These stories and more mark our weekly walk back in time from Buffalo and Beyond.

BUFFALO, N.Y. — 2 On Your Side's Dave McKinley takes a look back in television history. 

10 Years ago this week in 2013:

President Obama announced his intent to bring a Buffalo native, Tom Perez, to Washington to become his new Secretary of Labor while a Brooklyn native, Byron Brown, who had come to Buffalo to attend college and stuck around announced he would be seeking a third term as Mayor this week in 2013.

 20 Years ago this week in 2003

The Iraq war began as U.S. forces launched missiles and fighter jets from warships at sea before sending in ground troops in the effort to oust Saddam Hussein from power.

The invasion became forever known for its moniker, "Shock and Awe", and for emerging technology which allowed it to be broadcast live into homes in the U.S., by reporters imbedded with troops streaking across the dessert.

The eyes of Western New York were glued to TV screens, as several local reserve companies had been called to active duty to participate in the mission.

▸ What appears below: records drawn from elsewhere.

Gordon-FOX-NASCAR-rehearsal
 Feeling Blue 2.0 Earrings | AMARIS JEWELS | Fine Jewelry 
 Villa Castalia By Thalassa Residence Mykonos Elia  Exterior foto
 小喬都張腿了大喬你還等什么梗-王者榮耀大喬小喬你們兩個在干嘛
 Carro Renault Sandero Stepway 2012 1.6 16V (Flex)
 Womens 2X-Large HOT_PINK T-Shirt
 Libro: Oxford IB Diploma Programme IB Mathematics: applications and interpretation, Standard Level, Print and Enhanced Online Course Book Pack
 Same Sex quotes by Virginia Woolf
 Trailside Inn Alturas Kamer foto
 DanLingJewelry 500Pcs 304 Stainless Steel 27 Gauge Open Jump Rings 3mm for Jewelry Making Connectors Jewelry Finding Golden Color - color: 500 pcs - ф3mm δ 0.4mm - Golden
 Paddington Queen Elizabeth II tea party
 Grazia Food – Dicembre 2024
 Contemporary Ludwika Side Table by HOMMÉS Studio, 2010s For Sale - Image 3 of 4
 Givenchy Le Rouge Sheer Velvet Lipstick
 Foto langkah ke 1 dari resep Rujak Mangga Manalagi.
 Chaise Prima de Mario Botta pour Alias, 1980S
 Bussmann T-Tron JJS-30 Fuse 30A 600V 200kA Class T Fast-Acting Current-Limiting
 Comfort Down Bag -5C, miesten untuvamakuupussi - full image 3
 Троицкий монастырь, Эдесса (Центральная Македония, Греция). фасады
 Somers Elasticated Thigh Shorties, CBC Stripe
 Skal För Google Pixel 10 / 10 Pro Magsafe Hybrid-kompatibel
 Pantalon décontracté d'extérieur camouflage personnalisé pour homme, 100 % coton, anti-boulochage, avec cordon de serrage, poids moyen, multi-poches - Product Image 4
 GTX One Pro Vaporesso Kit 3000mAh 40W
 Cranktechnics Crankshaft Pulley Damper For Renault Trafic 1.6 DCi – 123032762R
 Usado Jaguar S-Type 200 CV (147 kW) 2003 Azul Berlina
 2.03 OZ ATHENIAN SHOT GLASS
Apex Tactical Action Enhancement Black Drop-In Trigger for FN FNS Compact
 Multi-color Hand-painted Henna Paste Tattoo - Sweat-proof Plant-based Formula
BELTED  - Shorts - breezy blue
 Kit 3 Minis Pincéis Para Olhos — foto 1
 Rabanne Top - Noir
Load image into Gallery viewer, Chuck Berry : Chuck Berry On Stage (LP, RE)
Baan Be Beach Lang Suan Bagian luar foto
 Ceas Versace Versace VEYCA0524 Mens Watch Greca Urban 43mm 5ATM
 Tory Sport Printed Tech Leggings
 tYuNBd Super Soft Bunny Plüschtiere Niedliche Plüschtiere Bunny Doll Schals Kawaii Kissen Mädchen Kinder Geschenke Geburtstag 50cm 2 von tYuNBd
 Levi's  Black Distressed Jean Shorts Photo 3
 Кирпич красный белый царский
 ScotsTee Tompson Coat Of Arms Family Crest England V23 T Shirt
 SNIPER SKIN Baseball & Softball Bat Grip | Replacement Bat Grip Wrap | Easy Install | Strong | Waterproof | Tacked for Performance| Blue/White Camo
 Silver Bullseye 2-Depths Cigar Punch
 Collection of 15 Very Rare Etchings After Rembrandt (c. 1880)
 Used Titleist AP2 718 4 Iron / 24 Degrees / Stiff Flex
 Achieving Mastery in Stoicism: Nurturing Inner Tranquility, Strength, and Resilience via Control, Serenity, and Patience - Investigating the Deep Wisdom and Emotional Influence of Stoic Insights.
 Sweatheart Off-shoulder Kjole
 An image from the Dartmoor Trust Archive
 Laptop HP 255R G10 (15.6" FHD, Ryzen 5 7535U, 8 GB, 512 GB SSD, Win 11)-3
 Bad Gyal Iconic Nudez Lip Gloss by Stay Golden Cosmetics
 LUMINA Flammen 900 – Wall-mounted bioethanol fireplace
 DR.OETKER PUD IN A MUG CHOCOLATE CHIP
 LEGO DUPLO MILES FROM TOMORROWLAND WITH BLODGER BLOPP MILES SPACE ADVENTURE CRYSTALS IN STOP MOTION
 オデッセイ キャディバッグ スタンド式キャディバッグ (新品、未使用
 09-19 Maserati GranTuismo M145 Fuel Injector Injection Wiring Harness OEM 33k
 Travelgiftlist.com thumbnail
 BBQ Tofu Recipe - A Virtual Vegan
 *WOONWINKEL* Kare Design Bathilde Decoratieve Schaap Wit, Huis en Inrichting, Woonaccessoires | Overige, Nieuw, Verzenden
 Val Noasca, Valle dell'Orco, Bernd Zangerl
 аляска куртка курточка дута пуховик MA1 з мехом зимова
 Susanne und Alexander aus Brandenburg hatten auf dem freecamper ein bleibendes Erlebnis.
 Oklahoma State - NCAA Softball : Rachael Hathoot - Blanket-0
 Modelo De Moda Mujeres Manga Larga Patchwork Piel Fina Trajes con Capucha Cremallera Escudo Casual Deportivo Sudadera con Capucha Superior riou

It was only days before the first serviceman from the area became a casualty of the war, when Lance Cpl. Eric J. Orlowski was killed during an accidental discharge of a .50-caliber machine gun. He was 26.

That same week, one most dramatic rescues ever captured on camera at Niagara Falls occurred when a Buffalo man was plucked from the brink of the Horseshoe Falls after standing in 33 degree water for an hour and a half, before rescuers were able to toss a lifeline from a helicopter which was hauled in by emergency crews standing on shore.

That same week an auction was held in Niagara Falls where the collection of Christmas displays and lights accumulated over the course of the once popular "Festival of Lights" were sold off.

The festival began 20 years before and was launched as a way to increase tourism in Niagara Falls during the traditionally slow months of winter.

Credit: File

30 years ago this week in 1993:

United States Supreme Court Justice Byron White, who had been appointed to the nation's highest court in 1963 by President John F Kennedy, announced that after 30 years on the bench he would retire.

This left President William Clinton to appoint a successor. Clinton said he was looking for someone who possessed a "fine mind, good judgement, wide experience in the law and the problems of real people, and someone with a big heart."

This weeks News 2 You Pop Quiz: Who would President Clinton select as to replace Byron White as an Associate Justice of the U.S. Supreme Court? (For the answer, watch the conclusion of the video above this story).

Remember, this was back in a time when only a small fraction of the cars sold in America came equipped with anti-lock brakes, and when Colgate unveiled its new stand up toothpaste tube with attached cap, and when the number of centenarians in the Untied States was estimated to be approximately 48,000.

Currently, the number of people living in the U.S. who have reached the age of 100 or more is estimated to be close to 100,000. That's more than double what it was in 1993, when these stories and more were all News 2 You.